External Data Massively Adds Value To An Airline Operations Dashboard
However, it is often overseen that also external information provides enormous value and benefits. Especially in order to provide a comprehensive situational awareness.
With this blog post, we want to introduce four essential external data sources you should integrate into your airline operations KPI dashboard.
#1 — Weather Information
There are only a few other industries that depend and rely on weather as much as the aviation industry does. Especially when it comes to medium and long-haul operations, the importance of accurate weather information cannot be underestimated.
Since there are many providers for weather data (METAR, TAF), it is relatively easy to integrate this kind of information into your airline operations dashboard. The challenge we observed is in translating the information (METAR and TAF are quite cryptic for many people). That’s why we put a lot of effort into visualizing the text-based information.
Additionally, in order to avoid an information overflow on your airline operations dashboard, it makes sense to pay attention to highlighting specific aspects (exceptional winds, clouds, thunderstorms, etc.) Below you can see an example of how translated and visualized weather information in the context of the aWall look.
An important aspect to mention: Integrating weather shouldn’t be only about current weather but especially about forecast values.
#2 — Airport Information
Airport information (especially NOTAMS) are pretty similar to weather information. It is relatively easy to integrate this kind of information into your airline operations dashboard. But again, the challenge is in interpreting NOTAMS and visualizing the information.

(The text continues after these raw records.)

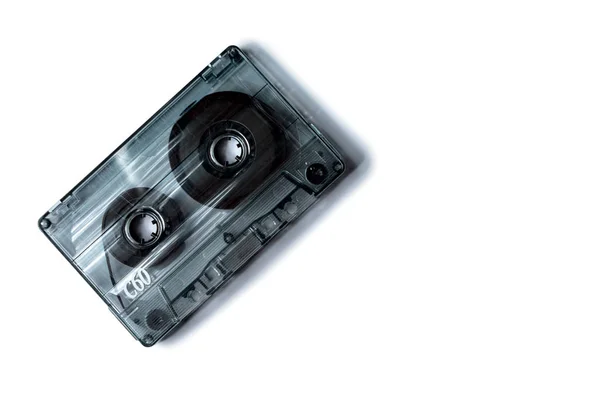 ヴィンテージ オールド ミュージック カセット フィルムホワイト バックグランドコピースペースモカップ — ストック写真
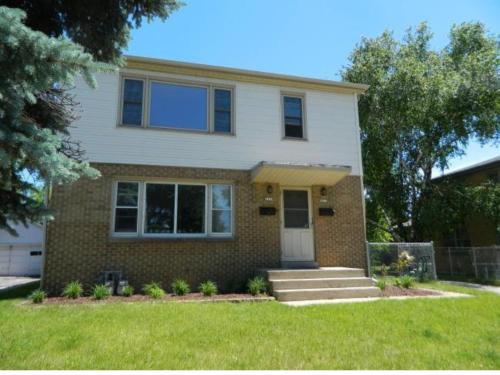 Inviting 2BR Lower Duplex Near Everything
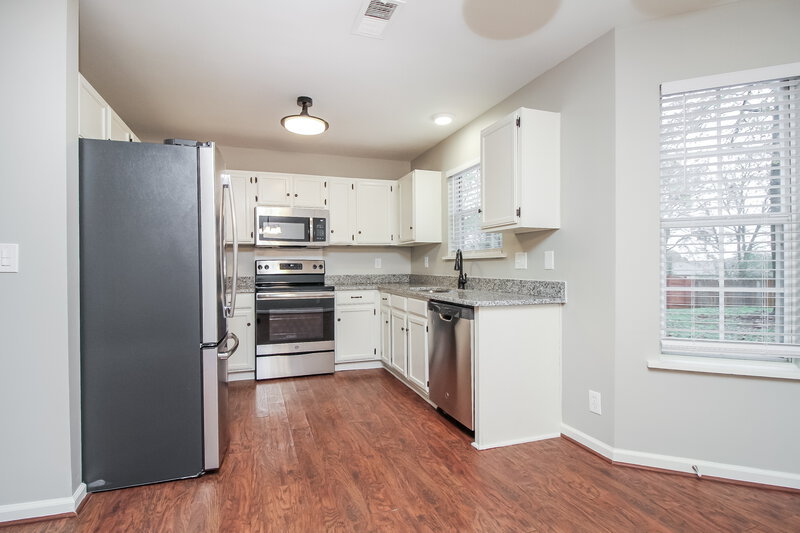 2,165/Mo, 696 Hollandale Rd La Vergne, TN 37086 Kitchen View 2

Most of the NOTAMS that are published by airports have only a small relevance to your operations. That means the challenging task is in filtering NOTAMS, assessing NOTAMS, and finally only visualizing those NOTAMS that impact your operations.
#3 — Social Media Information
I had so many discussions with colleagues from operations, and I still can hear them saying, “we don’t need social media information in operations.” Recently, I’ve observed that it is slowly changing.
From our point of view, social media information is just an additional pillar to gain the perfect situational awareness. Therefore, it reflects an important aspect of your airline operations dashboard. Indeed, you don’t have to show every tweet and each Instagram photo that is tagged with your airline name. That doesn’t make sense at all.
Again the challenging part is in interpreting and curating social media information. The goal behind always has to be to provide a comprehensive view. Here are two examples of how we solved this challenge.
#4 — Flight Tracking Systems (e.g. FlightRadar24)
Now we are talking about the premium class. Why premium class? Because there’s such a massive potential related to flight tracking system data. But it also bears quite a considerable complexity. So, what should you do with such data?
The answer is: Real-time competitor benchmarking.
Imagine you could benchmark your airline’s operational performance with your competitors — in real-time on your airline operations dashboard. Think about monitoring your OTP and comparing it to your most important competitors. Or comparing your delay minutes ratio at a particular airport with other carriers at that airport. And so on.
This bears a massive potential. Potential to identify weaknesses in comparison with your competitors, but also a potential for further improvement measures. Therefore, we also see this as a strong airline operations trend in 2020.
Nevertheless, it has to be said that this approach requires a lot of development.
What Do You Think?
Always happy to receive your feedback and thoughts. Just hit me up on Twitter or get in touch on LinkedIn.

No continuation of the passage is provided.